Nun, das Problem besteht darin, dass hier eine besonders idiomatische Kombination von Wörtern inhaltlich falsch ist. Die Verlockung dieser Kollokation im Deutschen hat vermutlich dazu geführt, dass die daraus sich ergebende genaue Bedeutung (die der englischen entgegengesetzt ist) nicht beachtet wurde. Gemeint ist der Ausdruck „jemanden auf etwas verklagen“; in der Regel geht es um Schadenersatz, also das aus Sicht des Klägers positive Resultat der Klage. Die Verletzung von Grundrechten ist hingegen der Auslöser der Klage. Deshalb müsste im Zieltext die Präposition „auf“ in „auf Verletzung ihrer Grundrechte“ durch „wegen“ ersetzt werden.

Das Erkennen dieser Idiomatizitätsfalle wird insofern erschwert, als „jemanden auf etwas verklagen“ idiomatischer wirkt als „jemanden wegen etwas verklagen“, weil sich die Bedeutung der Präposition „auf“ (anders als die der Präposition „wegen“) erst in der Kollokation mit dem Verb „verklagen“ ergibt.

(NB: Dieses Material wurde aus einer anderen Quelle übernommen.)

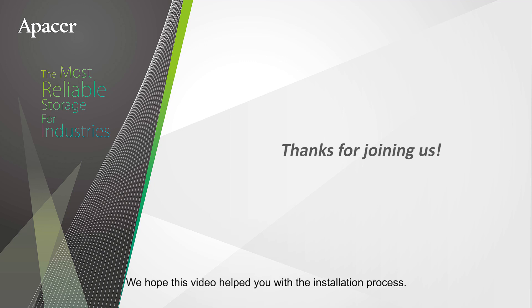And it's as simple as that. We hope this video helped you with the installation process. Thanks for choosing APACER.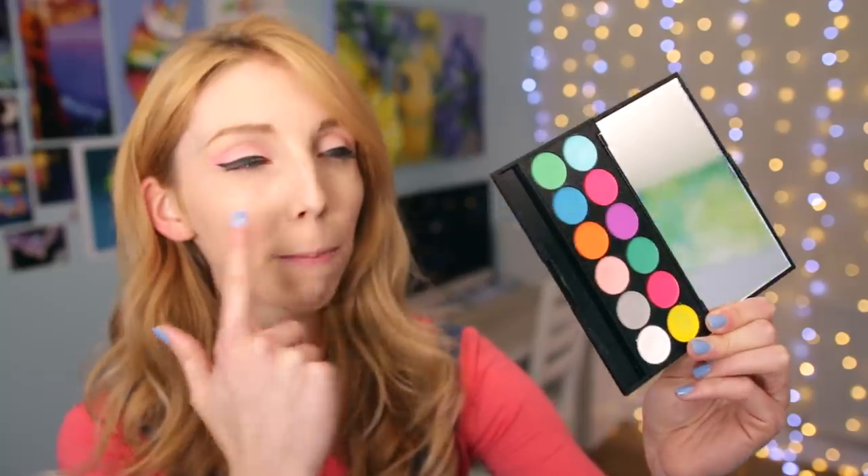I haven't done this before, so I don't know how this is going to go. Here I have my eyeshadow palette, which is the main thing I think I'm going to be using because it has all the colors. I also have an eyeshadow palette with more neutral colors, an eyebrow pencil, some mascara, and some eyeliner. I will probably use these less.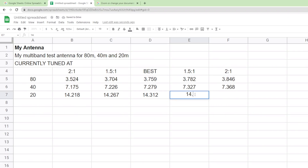I do it in multiple columns. I normally have a 2-to-1 column, a 1.5-to-1 column, then where it is currently best tuned, then 1.5-to-1 and 2-to-1 the other way, so I can visually see the curve in terms of its numbers.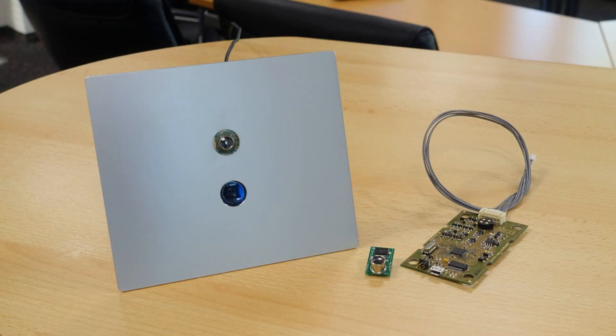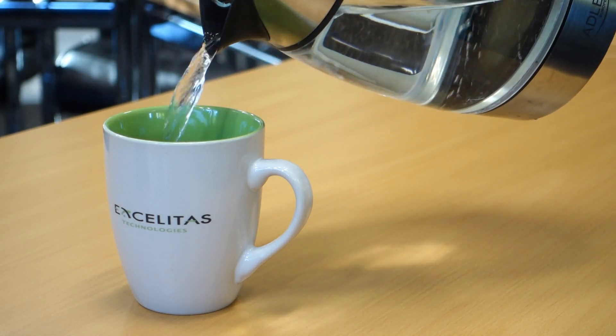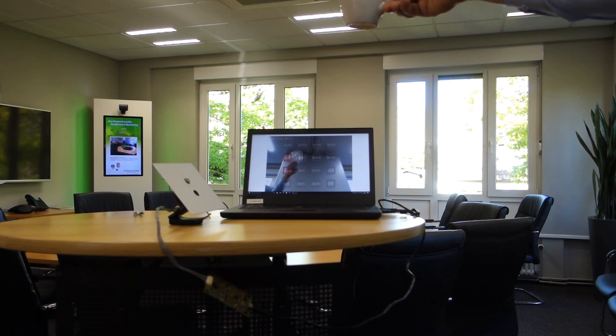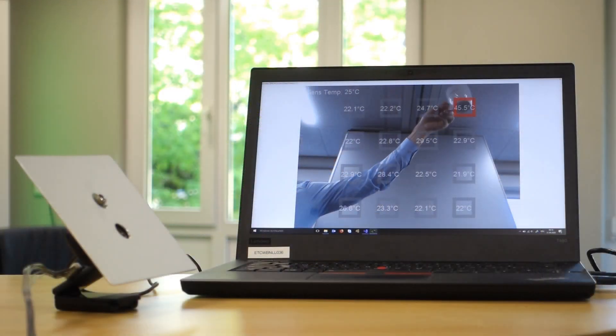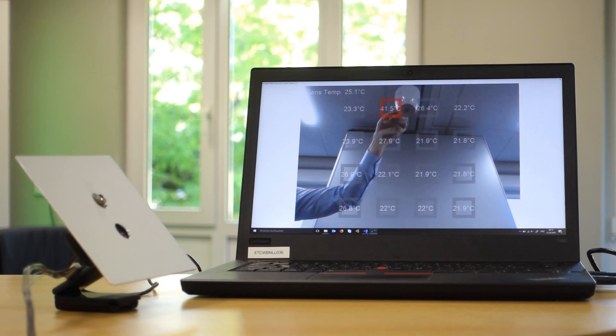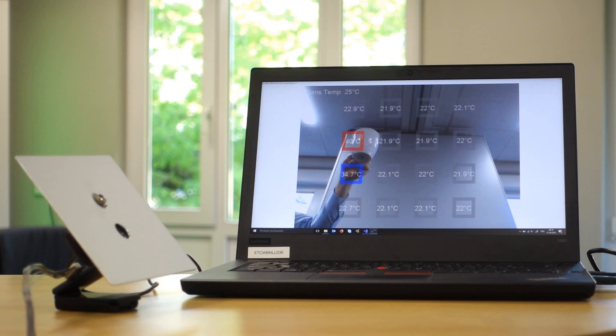Here we combined a 4x4 pixel sensor with our camera. To align the sensor's field of view with the camera you can use a very hot object, as tracking a hot object is much easier. If you use a calibrated heat source you can adjust the emissivity in the sensor in order to display the correct absolute value.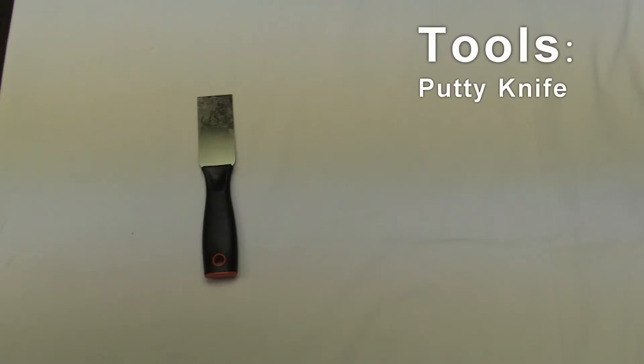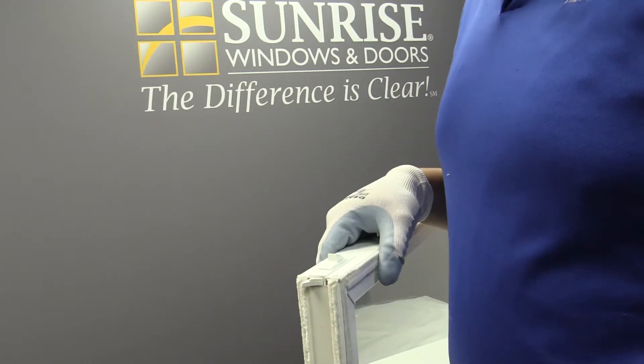To remove the tilt latch you're going to need a putty knife. First you want to remove the sash from the frame.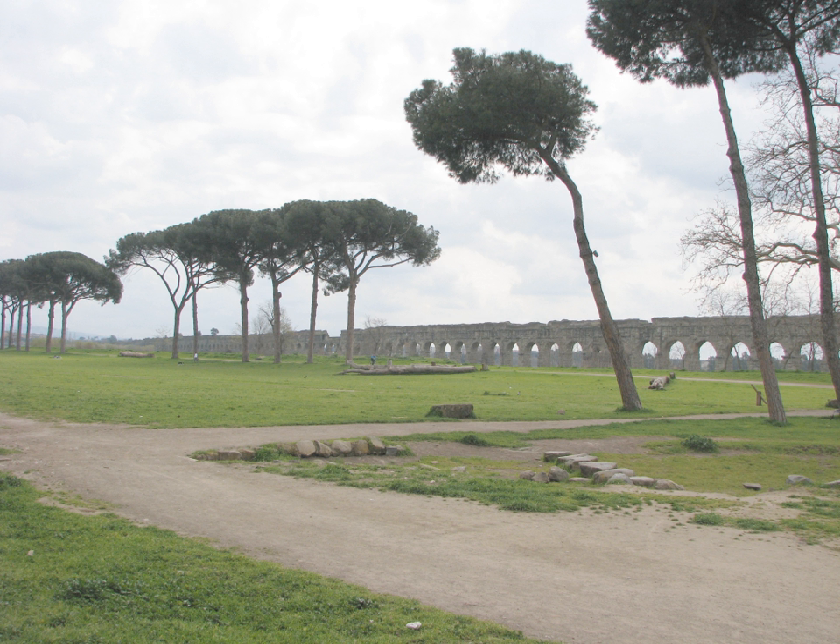Its main springs, the Caeruleus and Cirtius, were situated 300 paces to the left of the 38th milestone of the Via Sublacensis. The total length was approximately 69 km (45–46 miles), most of which was underground.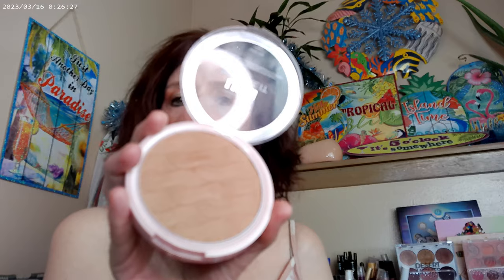I actually did quite a few things on the cheeks today. I started with the L'Oreal Lumi Bronze in Medium — that's what I have on as far as bronzer. It does have some shimmer in it, it's really pretty, and it's pretty much available everywhere, so it's a good one. Then I used the Elf Halo Glow in Magic Hours for my blush.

Die Idiomatizitätsfalle ist übrigens kein übersetzungsspezifisches Problem. Es ist ein allgemeines Problem der Textproduktion. Muttersprachlerinnen und Muttersprachler (und alle anderen, die eine Sprache gut beherrschen) sind davon besonders betroffen. Denn sie wissen, wie sich ihre Sprache anhört. Dieses Wissen darum, wie sich eine Sprache anhört, gibt manchen Texterinnen und Textern eine trügerische Sicherheit in Bezug auf die Formulierung ihrer Texte. Eine idiomatische Formulierung ist jedoch, wie das obige Beispiel zeigt, nicht per se inhaltlich richtig und kann dazu führen, dass ein inhaltlicher Fehler beim Korrekturlesen übersehen wird.